== Segment start ==

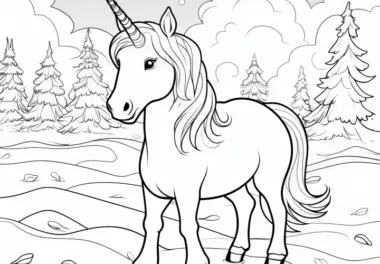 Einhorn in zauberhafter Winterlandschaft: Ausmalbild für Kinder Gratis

== Segment end ==
== Segment start ==

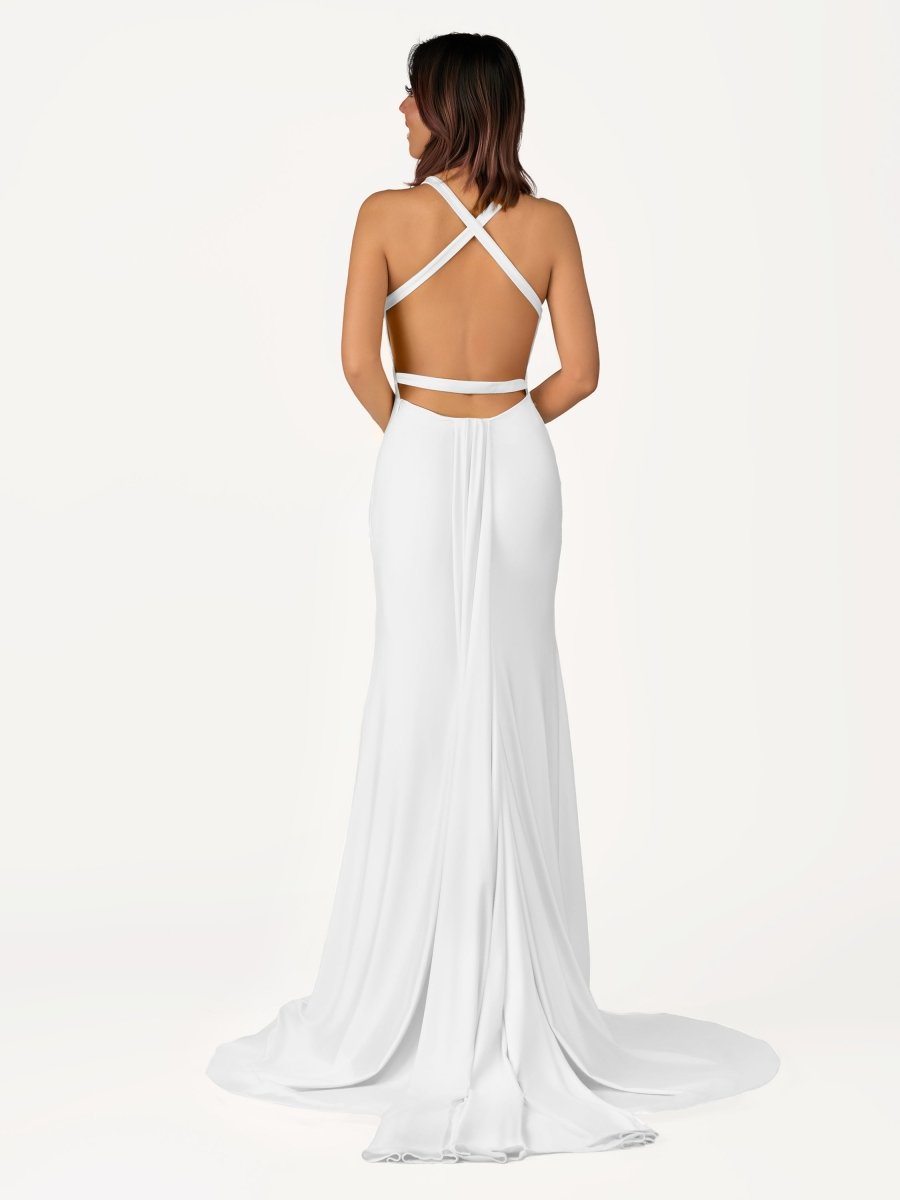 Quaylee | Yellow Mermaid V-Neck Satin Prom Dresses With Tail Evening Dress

== Segment end ==
== Segment start ==

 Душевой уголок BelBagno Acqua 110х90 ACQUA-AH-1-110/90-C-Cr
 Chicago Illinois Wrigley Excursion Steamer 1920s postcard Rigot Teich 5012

== Segment end ==

> [Goal of the exercise]: In the entries above, restate word for word the lines between the one holding "Душевой уголок BelBagno" and the one holding "Chicago Illinois Wrigley", inclusive, and nothing besides.

> [Completed task]:
 Душевой уголок BelBagno Acqua 110х90 ACQUA-AH-1-110/90-C-Cr
 Chicago Illinois Wrigley Excursion Steamer 1920s postcard Rigot Teich 5012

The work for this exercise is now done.